(Supplied entries Opens)
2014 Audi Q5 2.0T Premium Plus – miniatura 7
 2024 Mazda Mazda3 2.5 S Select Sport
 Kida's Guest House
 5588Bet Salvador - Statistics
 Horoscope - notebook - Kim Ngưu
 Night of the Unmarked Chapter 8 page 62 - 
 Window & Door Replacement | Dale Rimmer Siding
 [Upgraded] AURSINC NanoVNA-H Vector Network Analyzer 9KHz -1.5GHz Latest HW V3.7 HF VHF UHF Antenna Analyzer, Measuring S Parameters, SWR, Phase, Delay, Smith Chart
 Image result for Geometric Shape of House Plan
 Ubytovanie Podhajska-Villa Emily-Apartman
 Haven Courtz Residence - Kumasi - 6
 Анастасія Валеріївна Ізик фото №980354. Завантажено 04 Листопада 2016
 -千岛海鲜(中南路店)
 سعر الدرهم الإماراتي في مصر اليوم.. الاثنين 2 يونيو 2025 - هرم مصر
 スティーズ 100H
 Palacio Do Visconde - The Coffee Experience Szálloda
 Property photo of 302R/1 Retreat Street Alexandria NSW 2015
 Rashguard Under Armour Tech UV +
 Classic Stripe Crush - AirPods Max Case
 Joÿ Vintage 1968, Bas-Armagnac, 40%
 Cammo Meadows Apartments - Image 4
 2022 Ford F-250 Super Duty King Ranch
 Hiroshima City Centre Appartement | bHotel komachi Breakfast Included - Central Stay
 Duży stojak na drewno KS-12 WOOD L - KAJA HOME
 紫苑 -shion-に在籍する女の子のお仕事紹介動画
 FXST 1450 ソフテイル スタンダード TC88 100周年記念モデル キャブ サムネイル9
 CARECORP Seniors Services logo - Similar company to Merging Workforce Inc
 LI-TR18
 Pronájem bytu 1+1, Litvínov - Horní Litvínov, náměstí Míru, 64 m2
(Supplied entries Closes)
• **Work required**:
Whatever lies between the line containing "Ubytovanie Podhajska-Villa Emily-Apartman" and the final line above, both included, must be returned exactly.

• **The completed task**:
 Ubytovanie Podhajska-Villa Emily-Apartman
 Haven Courtz Residence - Kumasi - 6
 Анастасія Валеріївна Ізик фото №980354. Завантажено 04 Листопада 2016
 -千岛海鲜(中南路店)
 سعر الدرهم الإماراتي في مصر اليوم.. الاثنين 2 يونيو 2025 - هرم مصر
 スティーズ 100H
 Palacio Do Visconde - The Coffee Experience Szálloda
 Property photo of 302R/1 Retreat Street Alexandria NSW 2015
 Rashguard Under Armour Tech UV +
 Classic Stripe Crush - AirPods Max Case
 Joÿ Vintage 1968, Bas-Armagnac, 40%
 Cammo Meadows Apartments - Image 4
 2022 Ford F-250 Super Duty King Ranch
 Hiroshima City Centre Appartement | bHotel komachi Breakfast Included - Central Stay
 Duży stojak na drewno KS-12 WOOD L - KAJA HOME
 紫苑 -shion-に在籍する女の子のお仕事紹介動画
 FXST 1450 ソフテイル スタンダード TC88 100周年記念モデル キャブ サムネイル9
 CARECORP Seniors Services logo - Similar company to Merging Workforce Inc
 LI-TR18
 Pronájem bytu 1+1, Litvínov - Horní Litvínov, náměstí Míru, 64 m2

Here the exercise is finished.